The European Union of the Deaf (EUD) and the World Federation of the Deaf (WFD), alongside gathered representatives of the National Associations of the Deaf, express their welcome for the organisation of the 5th European Parliament of Persons with Disabilities. This significant event presents an invaluable opportunity to address the barriers that deaf people encounter in exercising their freedom of movement within the European Union.
One of the major challenges faced by deaf people in the European Union is the lack of information delivered in their national sign languages and the limited opportunities to communicate through their preferred languages. This situation arises from the EU institutions’ failure to recognise and promote national sign languages.
This challenge is further exacerbated for deafblind people solely relying on personal tactile-sign interpreters to communicate and access their surrounding environment. The EU does not recognise their right to tactile-sign interpreters. We wholeheartedly emphasise their marginalisation within the European Union and recognise the additional barriers they face in exercising their rights to freedom of movement.
Despite the European Union consisting of 24 spoken official languages and having its Member States legally recognise its 31 national sign languages, the EU has yet to endorse these national sign languages as part of its linguistic repertoire, even though it has ratified the United Nations Convention on the Rights of Persons with Disabilities (UN CRPD) and its Article 21(e).

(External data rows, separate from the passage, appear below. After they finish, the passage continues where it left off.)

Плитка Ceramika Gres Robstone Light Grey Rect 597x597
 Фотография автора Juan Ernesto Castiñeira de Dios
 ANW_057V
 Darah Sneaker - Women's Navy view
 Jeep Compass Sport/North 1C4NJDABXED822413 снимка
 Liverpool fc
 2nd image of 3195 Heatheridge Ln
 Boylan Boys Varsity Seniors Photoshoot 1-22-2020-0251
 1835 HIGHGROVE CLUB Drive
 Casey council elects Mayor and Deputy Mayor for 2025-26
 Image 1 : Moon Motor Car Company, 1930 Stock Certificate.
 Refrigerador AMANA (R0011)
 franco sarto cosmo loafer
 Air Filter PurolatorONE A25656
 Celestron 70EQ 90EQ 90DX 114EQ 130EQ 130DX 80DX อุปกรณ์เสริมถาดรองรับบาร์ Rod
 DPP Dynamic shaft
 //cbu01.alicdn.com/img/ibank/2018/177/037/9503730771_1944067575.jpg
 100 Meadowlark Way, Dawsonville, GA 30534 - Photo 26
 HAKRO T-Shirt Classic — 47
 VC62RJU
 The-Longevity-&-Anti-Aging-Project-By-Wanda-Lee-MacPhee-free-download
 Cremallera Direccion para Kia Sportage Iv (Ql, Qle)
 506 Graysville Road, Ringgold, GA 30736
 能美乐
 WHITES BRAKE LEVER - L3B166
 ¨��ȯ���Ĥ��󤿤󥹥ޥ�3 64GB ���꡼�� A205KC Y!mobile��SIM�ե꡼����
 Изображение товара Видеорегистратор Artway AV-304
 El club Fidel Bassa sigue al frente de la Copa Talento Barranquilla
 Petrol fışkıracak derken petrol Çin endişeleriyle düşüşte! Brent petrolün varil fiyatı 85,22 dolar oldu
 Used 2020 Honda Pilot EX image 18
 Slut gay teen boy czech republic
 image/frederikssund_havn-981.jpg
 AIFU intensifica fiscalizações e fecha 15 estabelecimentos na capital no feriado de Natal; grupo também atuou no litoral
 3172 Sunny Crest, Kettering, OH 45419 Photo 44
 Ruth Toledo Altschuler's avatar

The EUD, the WFD, and gathered representatives of various National Associations of the Deaf strongly urge the European Union to grant equal recognition and promotion to all national sign languages alongside its spoken languages at the EU level with the briefest delay.
By recognising and promoting national sign languages, the European Union will break down communication barriers, foster inclusivity, and ensure that deaf people have equal access to information, services, and opportunities across all EU member states. Only then will the EU Disability Strategy be fully implemented, and we can achieve a Union of Equality benefitting all individuals, including deaf people.